The scientific statement was published online in Stroke. It’s the first to specifically focus on the cognitive impairment resulting from an overt stroke (ischemic or hemorrhagic).
 

‘Actionable’ considerations for care

The writing group performed a “scoping” review of the literature on the prevalence, diagnosis, and management of poststroke cognitive impairment (PSCI) to provide a framework for “actionable considerations” for clinical practice as well as to highlight gaps needing additional studies, Dr. El Husseini explained.

PSCI, ranging from mild to severe, occurs in up to 60% of stroke survivors in the first year after stroke; yet, it is often underreported and underdiagnosed, the writing group notes.

Up to 20% of stroke survivors who experience mild cognitive impairment fully recover cognitive function, and cognitive recovery is most likely within the first 6 months after a stroke.

However, improvement in cognitive impairment without return to prestroke levels is more frequent than is complete recovery. As many as one in three stroke survivors may develop dementia within 5 years of stroke.

The writing group also notes that PSCI is often associated with other conditions, including physical disability, sleep disorders, behavioral and personality changes, depression, and other neuropsychological changes – each of which may contribute to lower quality of life.

Currently, there is no “gold standard” for cognitive screening following stroke, but several brief cognitive screening tests, including the Mini–Mental State Examination and the Montreal Cognitive Assessment, are widely used to identify cognitive impairment after stroke.

The statement also highlights the importance of assessing cognitive changes over time after stroke. Stroke survivors who experience unexplained difficulties with cognitive-related activities of daily living, following care instructions, or providing a reliable health history may be candidates for additional cognitive screening.
 

Manage risk factors to prevent repeat stroke

“Anticipatory guidance regarding home and driving safety and, return to work (if applicable) along with interdisciplinary collaboration among different medical and ancillary specialists in the diagnosis and management of cognitive impairment is key for the holistic care of stroke survivors,” Dr. El Husseini told this news organization.

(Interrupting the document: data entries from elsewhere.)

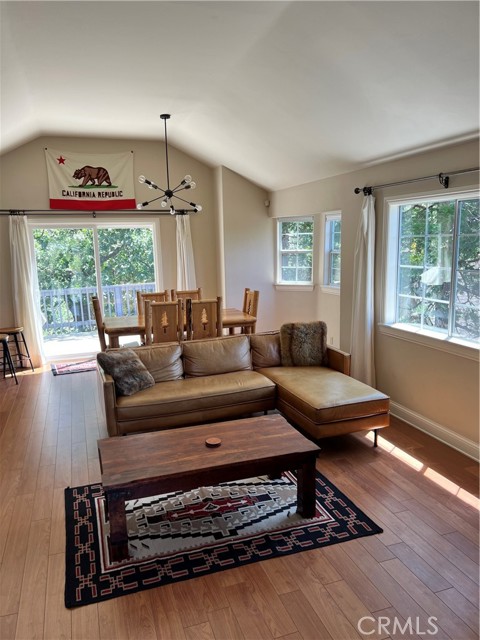 28833 Manitoba Drive, Lake Arrowhead CA: https://media.crmls.org/medias/65f4b529-8b10-4866-9716-4b47ac29bde8.jpg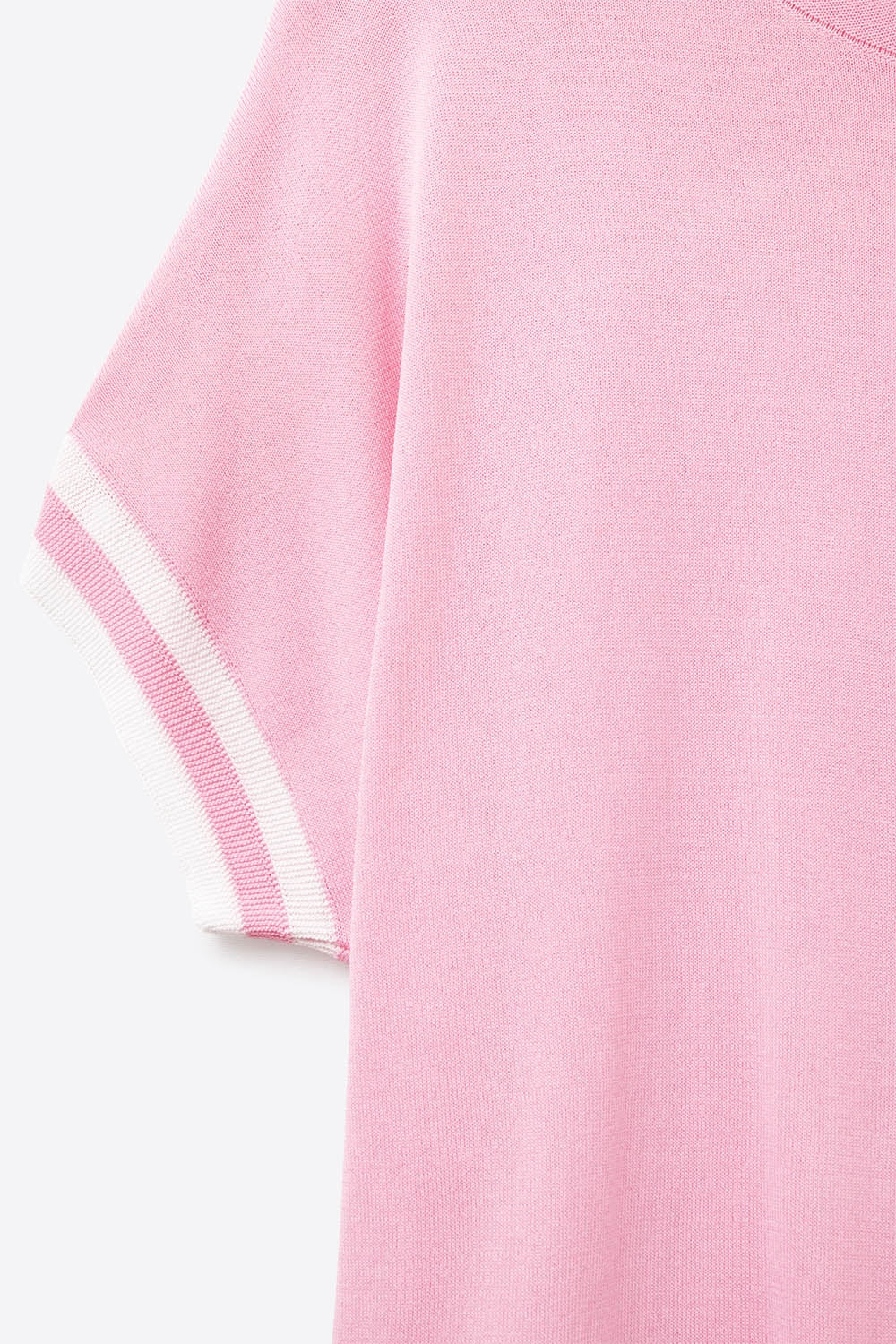 Suéter relafed fit em rosa com detalhe contrastante branco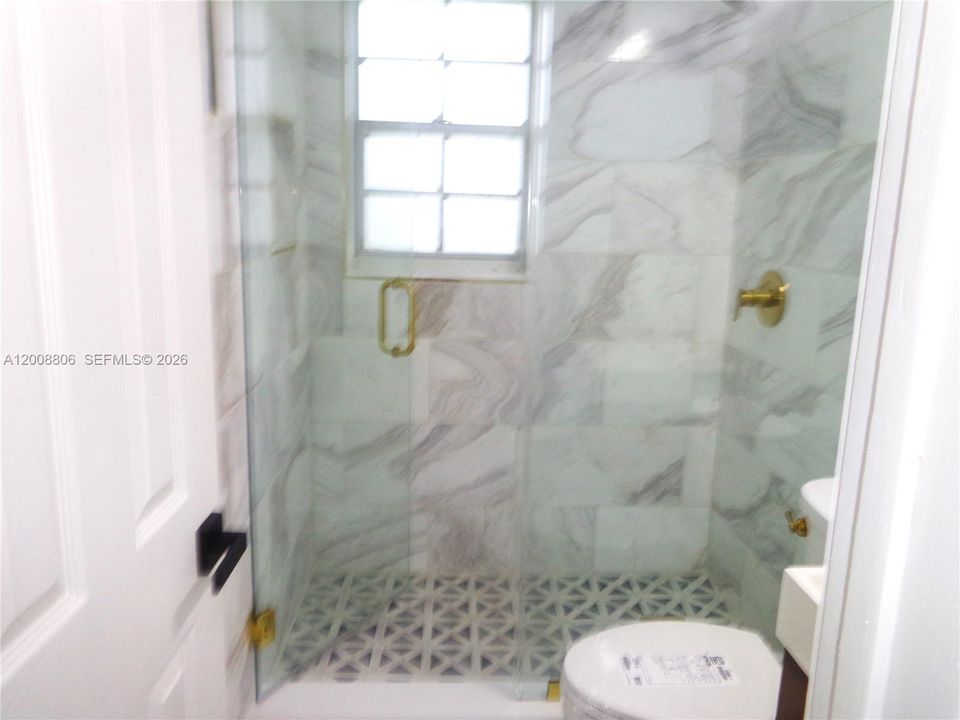 На продажу: $499,999 (2 спален, 2 ванн, 868 Квадратных фут)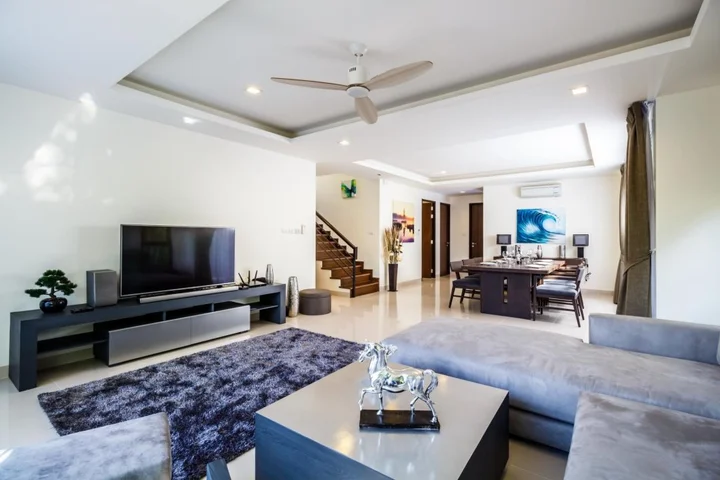 Тхаланг: LP101 - Private rooftop pool villa in Laguna for 9 people, near restaurants and shops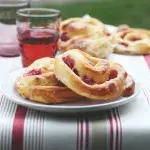 Kynuté šneky s malinami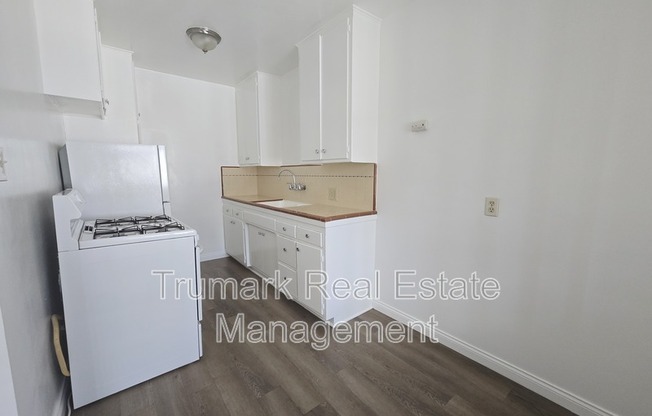 103 S. Roosevelt Ave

The multidisciplinary poststroke health care team could include neurologists, occupational therapists, speech therapists, nurses, neuropsychologists, gerontologists, and primary care providers.

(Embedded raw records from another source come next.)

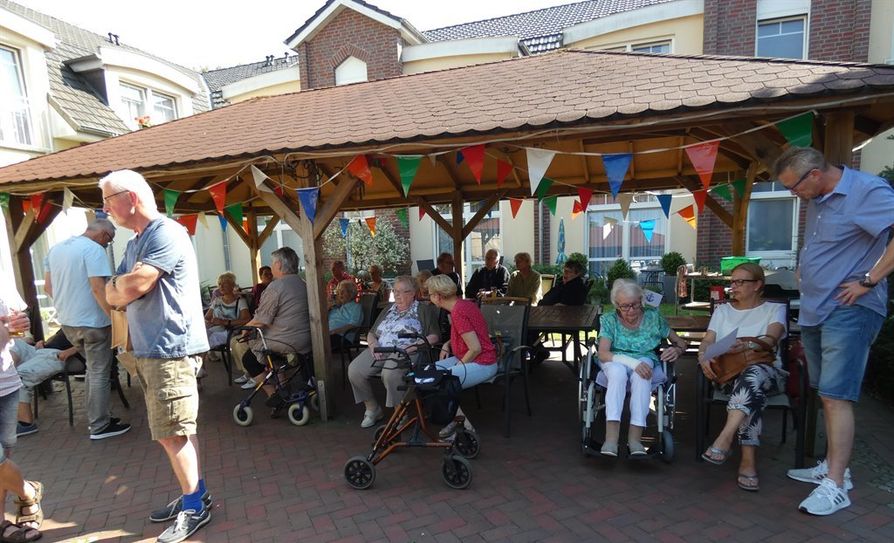 Die Besucher des Sommerfestes genossen bei bestem Wetter die tolle Atmosphäre.  Foto: eb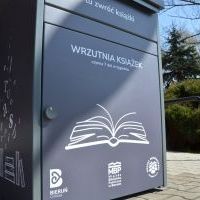 Wrzutnie książek (2)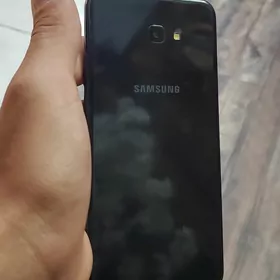 Samsung j4+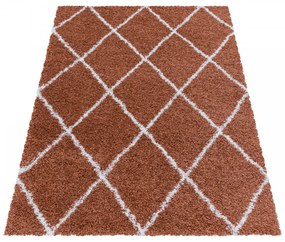 Dywan shaggy Alvor Romby ceglany 240 cm x 340 cm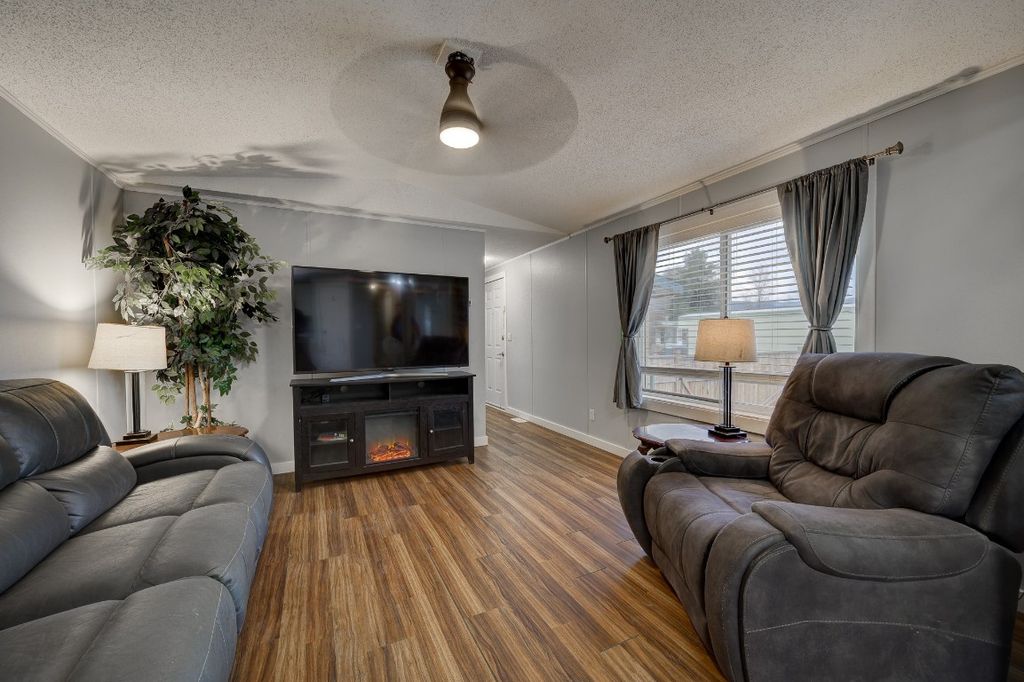 listing image 16516593096912248994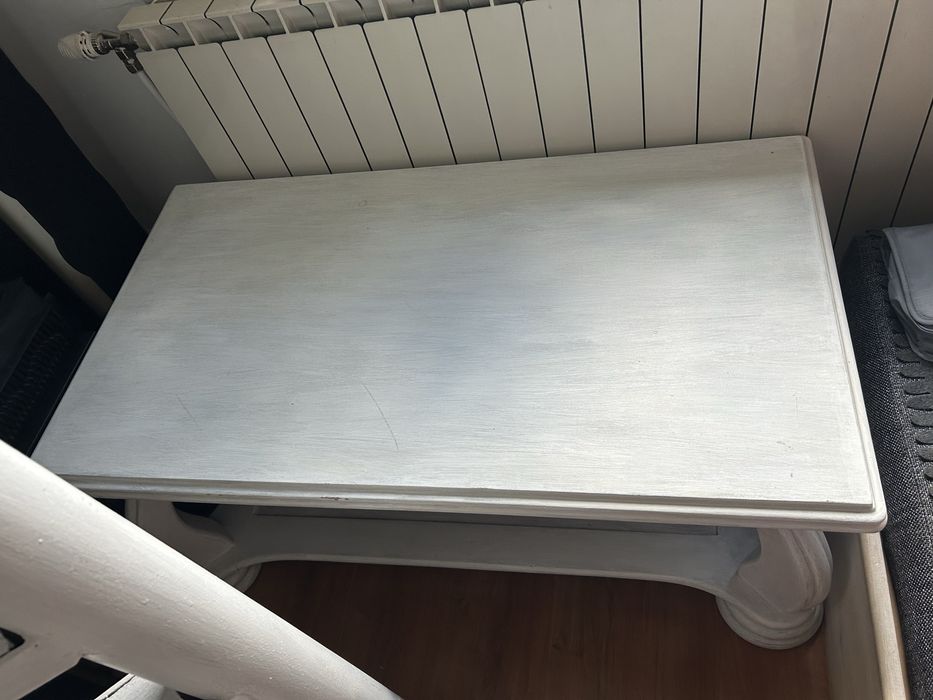 Бяла дървена маса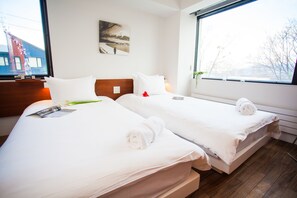 Premium bedding, in-room safe, iron/ironing board, cribs/infant beds - Shikaku (Kutchan)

“Because recurrent stroke is strongly associated with the development of cognitive impairment and dementia, prevention of recurrent strokes should be sought to decrease that risk,” Dr. El Husseini said. This includes addressing stroke risk factors, including high blood pressure, high cholesterol, type 2 diabetes, and atrial fibrillation.

The writing group says research is needed in the future to determine how cognitive impairment develops after stroke and the impact of nonbrain factors, including infection, frailty, and social factors.

Further research is also needed to determine best practices for cognitive screening after stroke, including the development and use of screening instruments that consider demographic, cultural, and linguistic factors in determining “normal” function.

“Perhaps the most pressing need, however, is the development of effective and culturally relevant treatments for poststroke cognitive impairment,” Dr. El Husseini said in a news release.

“We hope to see big enough clinical trials that assess various techniques, medications, and lifestyle changes in diverse groups of patients that may help improve cognitive function,” she added.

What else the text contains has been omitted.